From the listing below, restate word for word the lines from the line containing "DAD Memorial Keychain" down through the line containing "Flat abstract sales poster template". Exclude pictures.

Data supplied:
────────

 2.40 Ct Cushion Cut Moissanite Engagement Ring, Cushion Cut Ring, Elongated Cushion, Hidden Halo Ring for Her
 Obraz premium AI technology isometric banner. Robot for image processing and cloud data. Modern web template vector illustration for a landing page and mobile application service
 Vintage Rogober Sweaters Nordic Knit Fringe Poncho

────────

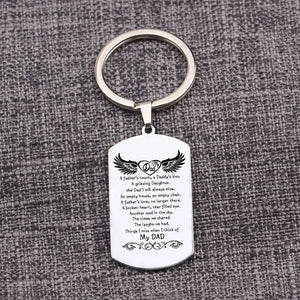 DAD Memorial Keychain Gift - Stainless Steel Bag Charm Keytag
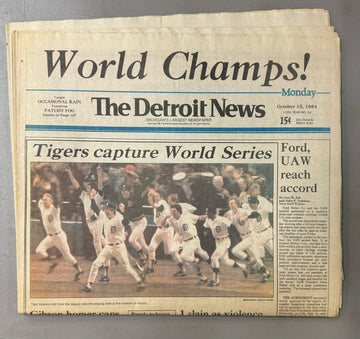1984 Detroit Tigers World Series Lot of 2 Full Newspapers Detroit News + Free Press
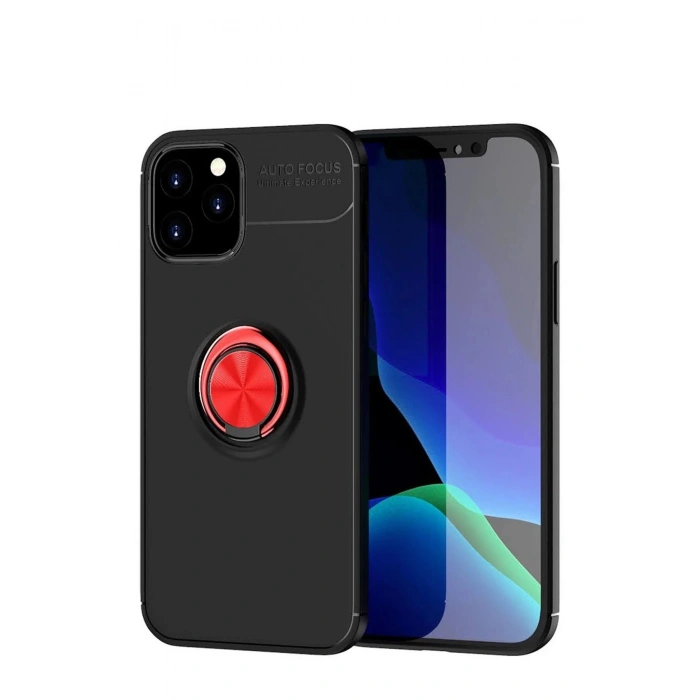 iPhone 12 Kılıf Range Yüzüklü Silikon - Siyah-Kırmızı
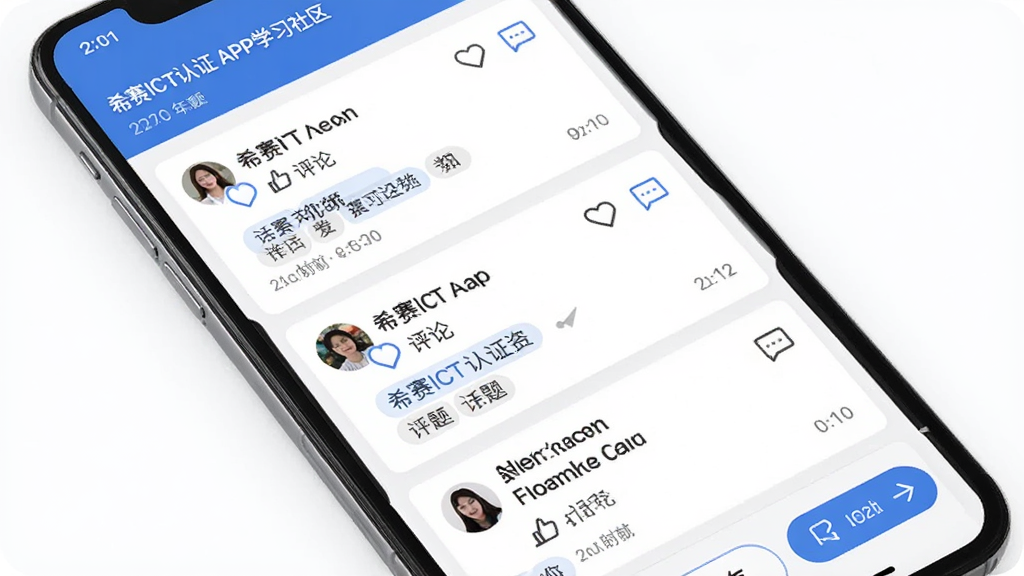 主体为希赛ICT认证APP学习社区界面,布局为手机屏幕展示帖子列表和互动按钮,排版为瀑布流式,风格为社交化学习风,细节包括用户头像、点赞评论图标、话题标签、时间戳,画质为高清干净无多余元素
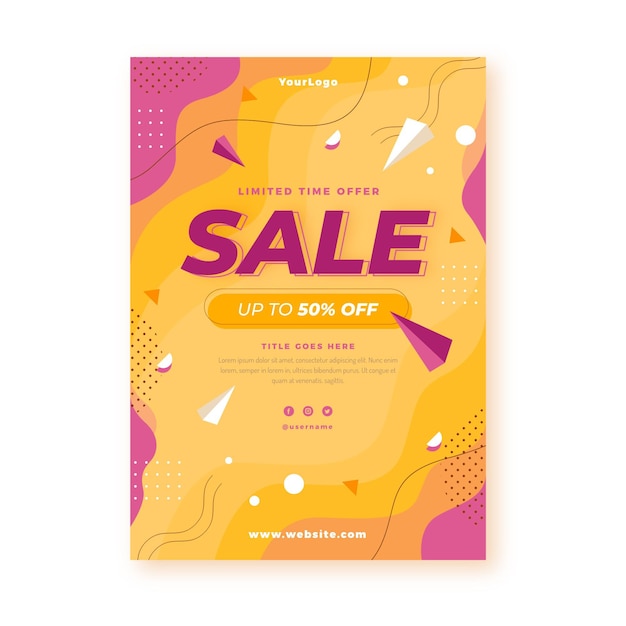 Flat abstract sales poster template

────────

Task solution:
 DAD Memorial Keychain Gift - Stainless Steel Bag Charm Keytag
1984 Detroit Tigers World Series Lot of 2 Full Newspapers Detroit News + Free Press
 iPhone 12 Kılıf Range Yüzüklü Silikon - Siyah-Kırmızı
 主体为希赛ICT认证APP学习社区界面,布局为手机屏幕展示帖子列表和互动按钮,排版为瀑布流式,风格为社交化学习风,细节包括用户头像、点赞评论图标、话题标签、时间戳,画质为高清干净无多余元素
 Flat abstract sales poster template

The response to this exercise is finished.